··· Exercise material ···

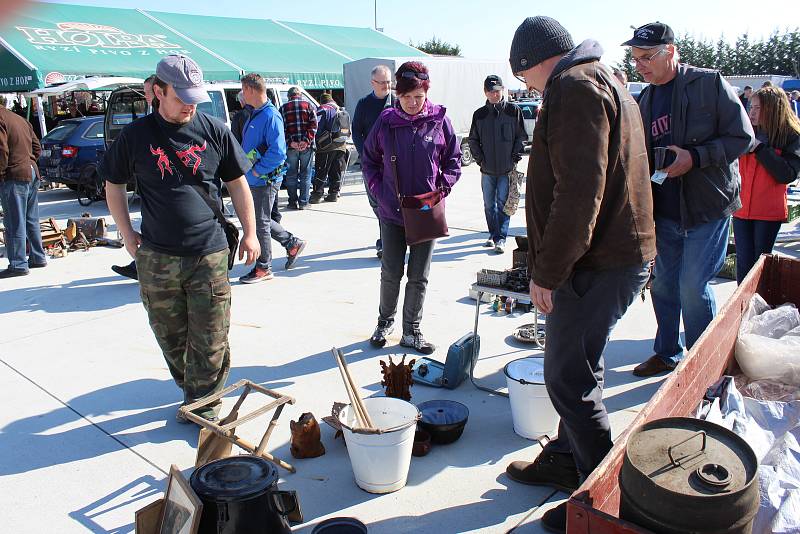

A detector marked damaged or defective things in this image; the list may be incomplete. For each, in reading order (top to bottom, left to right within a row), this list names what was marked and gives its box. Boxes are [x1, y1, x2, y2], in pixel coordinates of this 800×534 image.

rusty metal barrel [620, 418, 756, 534]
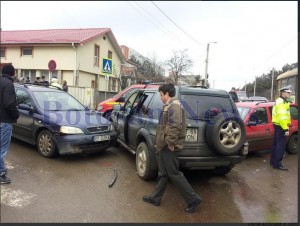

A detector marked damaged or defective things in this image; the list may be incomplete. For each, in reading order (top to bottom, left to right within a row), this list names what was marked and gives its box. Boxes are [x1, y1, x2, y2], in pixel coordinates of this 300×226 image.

damaged black suv [111, 86, 247, 180]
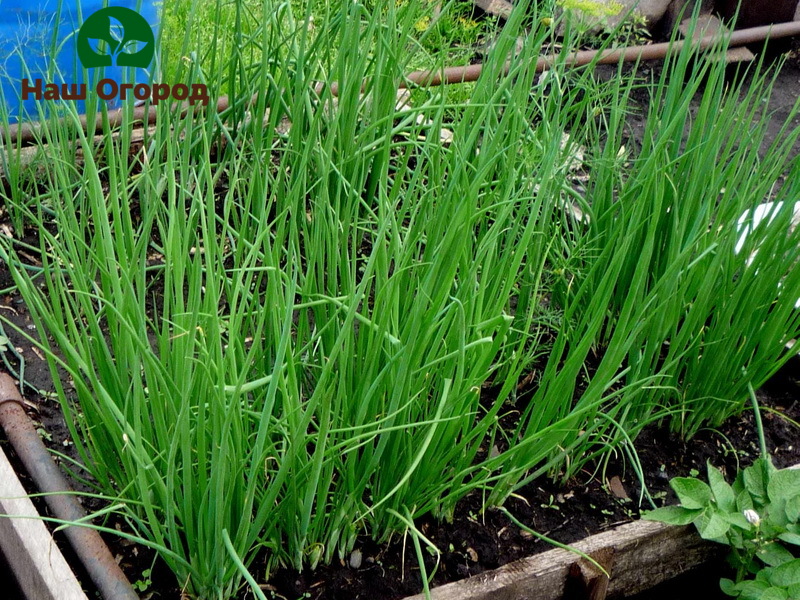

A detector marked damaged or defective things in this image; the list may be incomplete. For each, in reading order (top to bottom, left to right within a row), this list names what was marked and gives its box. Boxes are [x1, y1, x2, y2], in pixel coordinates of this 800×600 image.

rusty metal pipe [0, 376, 138, 600]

···

**Task details**
Please repeat the records above exactly, omitting any pictures they contain.

**Exercise response**
A detector marked damaged or defective things in this image; the list may be incomplete. For each, in reading order (top to bottom, left to right within a row), this list names what was marked and gives its box. Boxes are [x1, y1, x2, y2], in pixel coordinates of this 800×534 image.

rusty metal barrel [620, 418, 756, 534]

A detector marked damaged or defective things in this image; the list may be incomplete. For each, in reading order (top to bottom, left to right within a row), this list names what was marked and gives its box. Boxes are [x1, y1, x2, y2], in pixel coordinates of this 300×226 image.

damaged black suv [111, 86, 247, 180]

A detector marked damaged or defective things in this image; the list may be incomplete. For each, in reading order (top to bottom, left to right within a row), this list names what was marked and gives its box. Boxes are [x1, y1, x2, y2], in pixel coordinates of this 800×600 image.

rusty metal pipe [0, 376, 138, 600]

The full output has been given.